Task description: The required answer is the data below, restated word for word with images omitted.

Image-caption web data:
☆ ☆ ☆ ☆ ☆ ☆ ☆

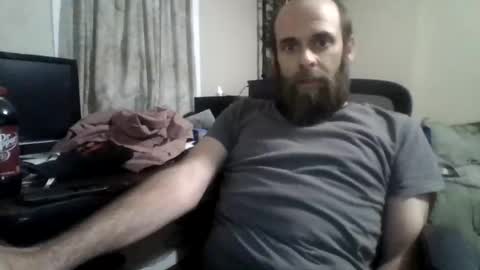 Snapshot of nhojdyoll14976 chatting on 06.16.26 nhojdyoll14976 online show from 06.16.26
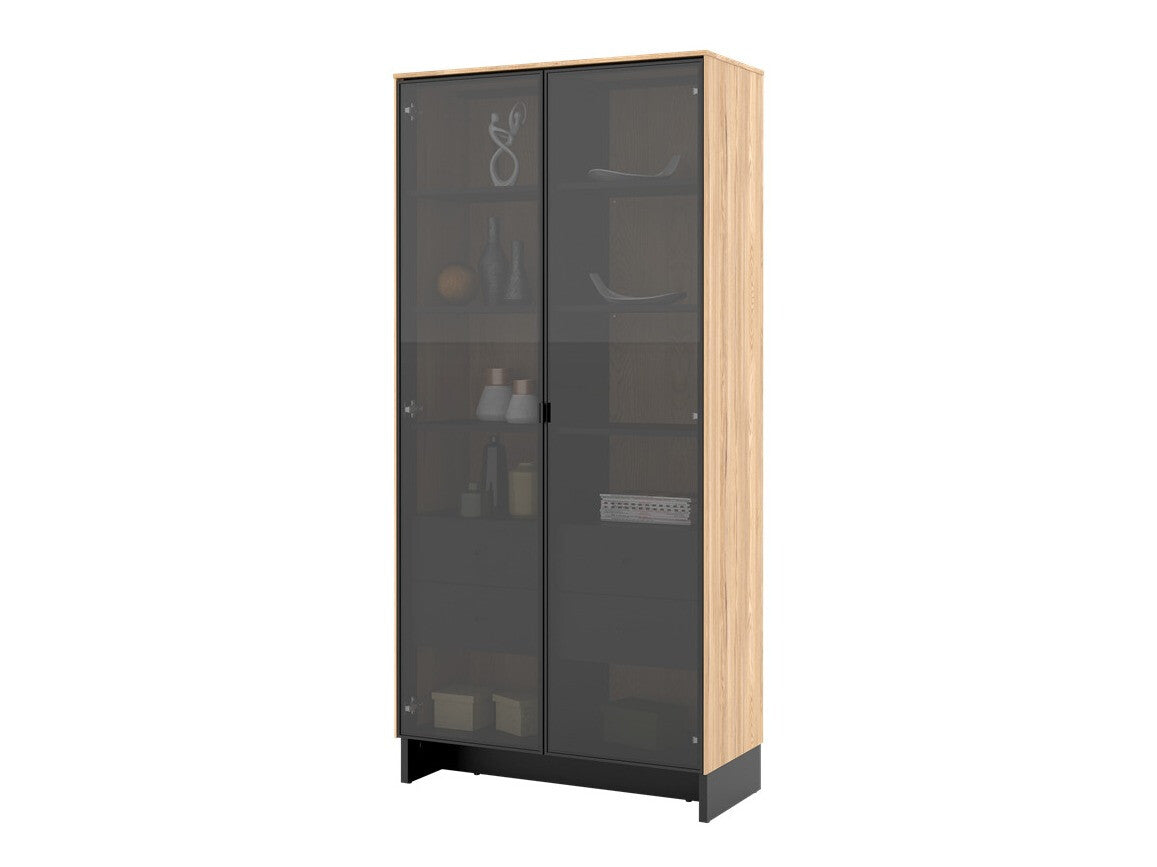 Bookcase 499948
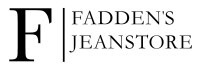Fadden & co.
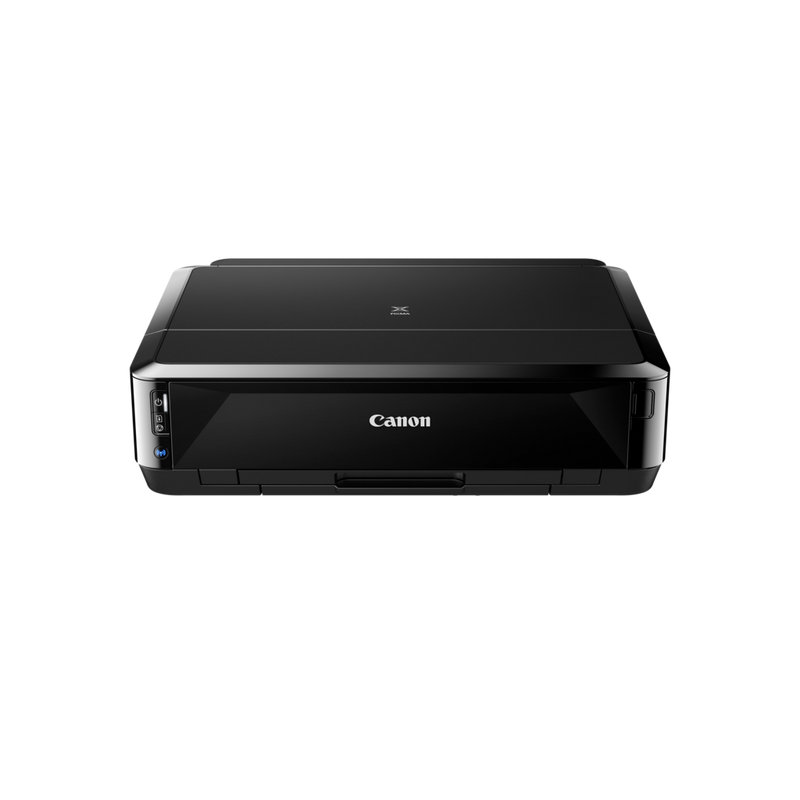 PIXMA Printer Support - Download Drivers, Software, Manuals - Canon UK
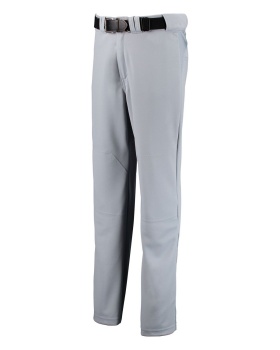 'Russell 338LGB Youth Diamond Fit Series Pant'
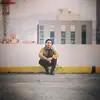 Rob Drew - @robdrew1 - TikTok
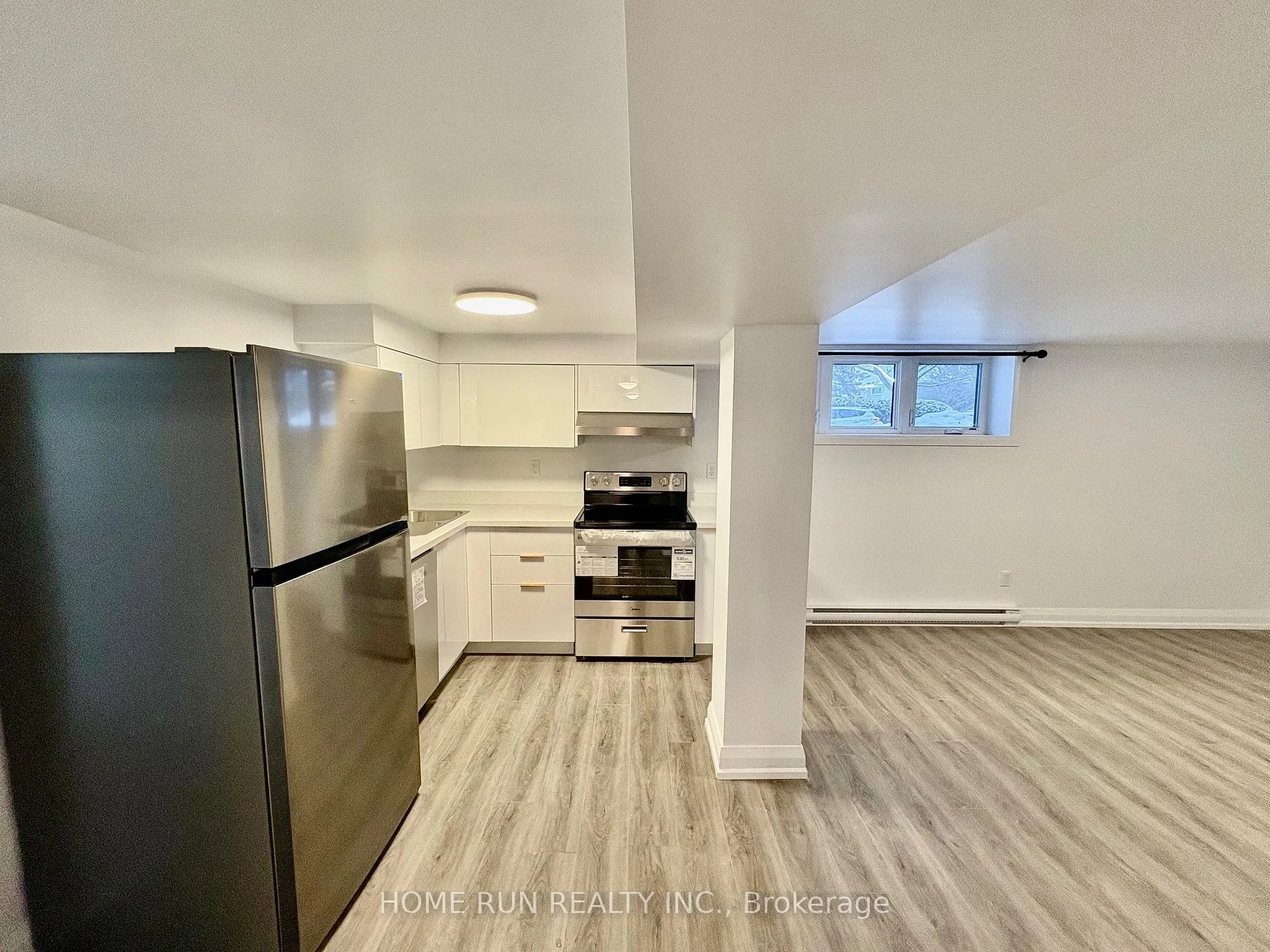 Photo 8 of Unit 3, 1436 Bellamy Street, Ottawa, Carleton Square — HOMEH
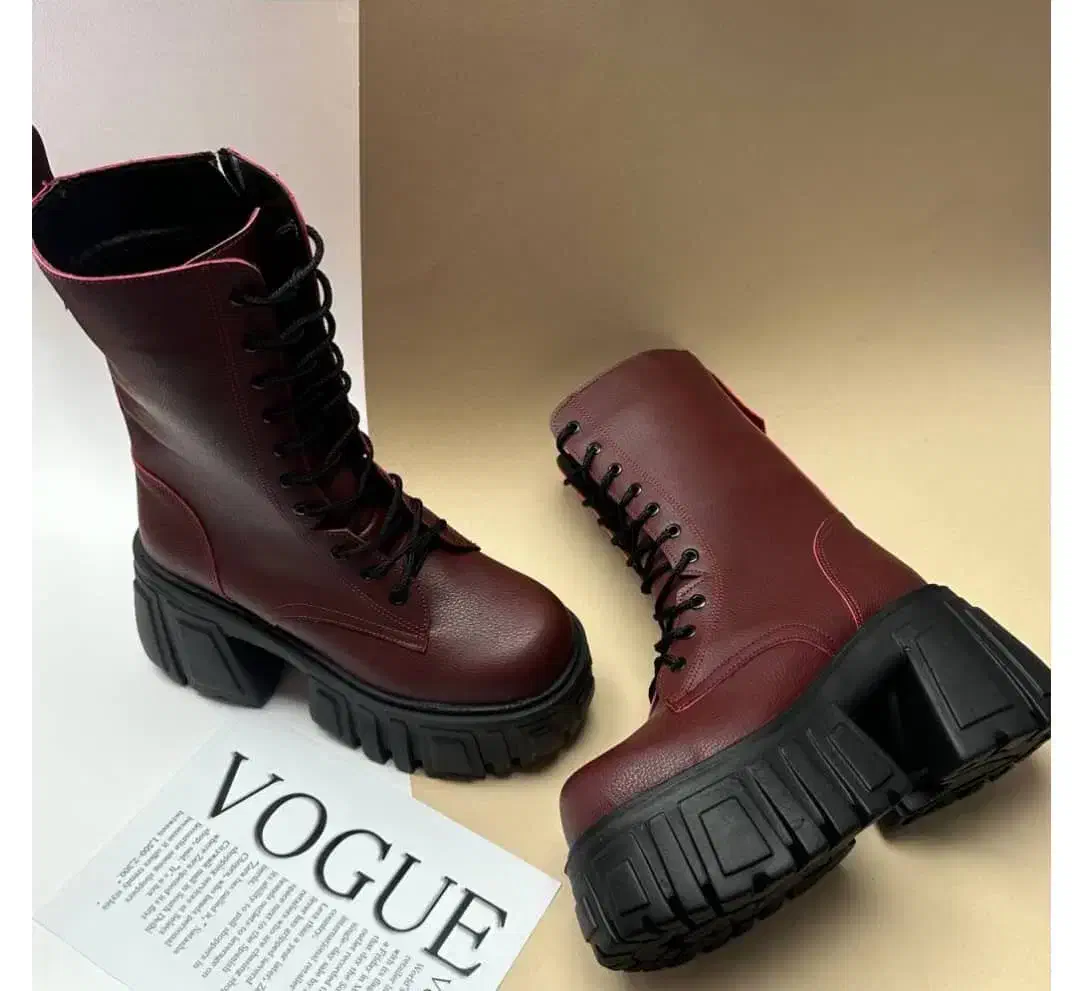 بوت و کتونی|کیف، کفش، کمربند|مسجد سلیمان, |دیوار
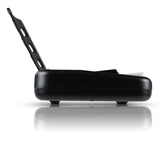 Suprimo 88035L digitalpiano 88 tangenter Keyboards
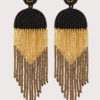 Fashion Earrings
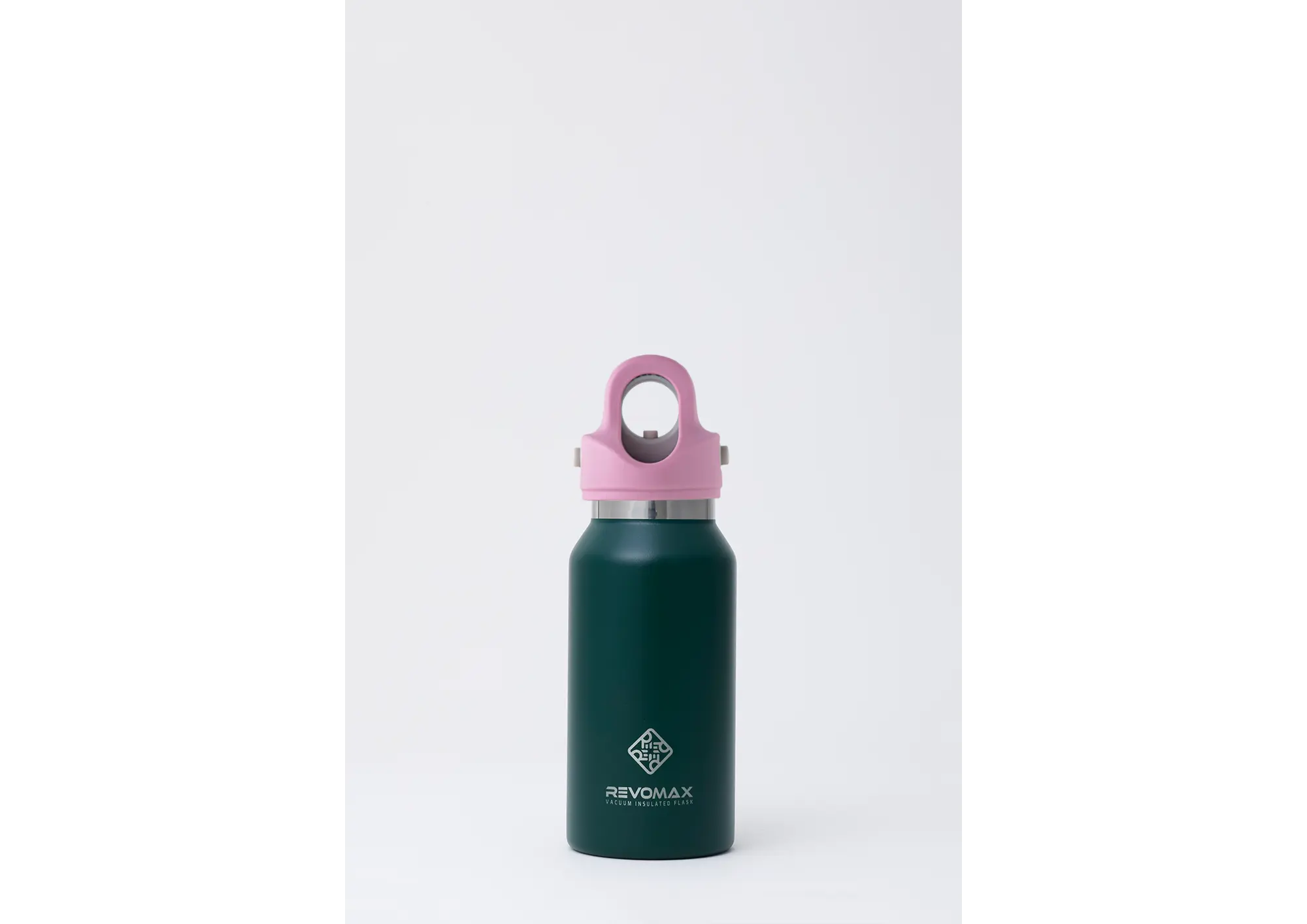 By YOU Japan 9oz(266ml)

☆ ☆ ☆ ☆ ☆ ☆ ☆

Written solution:
 Snapshot of nhojdyoll14976 chatting on 06.16.26 nhojdyoll14976 online show from 06.16.26
 Bookcase 499948
Fadden & co.
 PIXMA Printer Support - Download Drivers, Software, Manuals - Canon UK
 'Russell 338LGB Youth Diamond Fit Series Pant'
 Rob Drew - @robdrew1 - TikTok
 Photo 8 of Unit 3, 1436 Bellamy Street, Ottawa, Carleton Square — HOMEH
 بوت و کتونی|کیف، کفش، کمربند|مسجد سلیمان, |دیوار
 Suprimo 88035L digitalpiano 88 tangenter Keyboards
 Fashion Earrings
 By YOU Japan 9oz(266ml)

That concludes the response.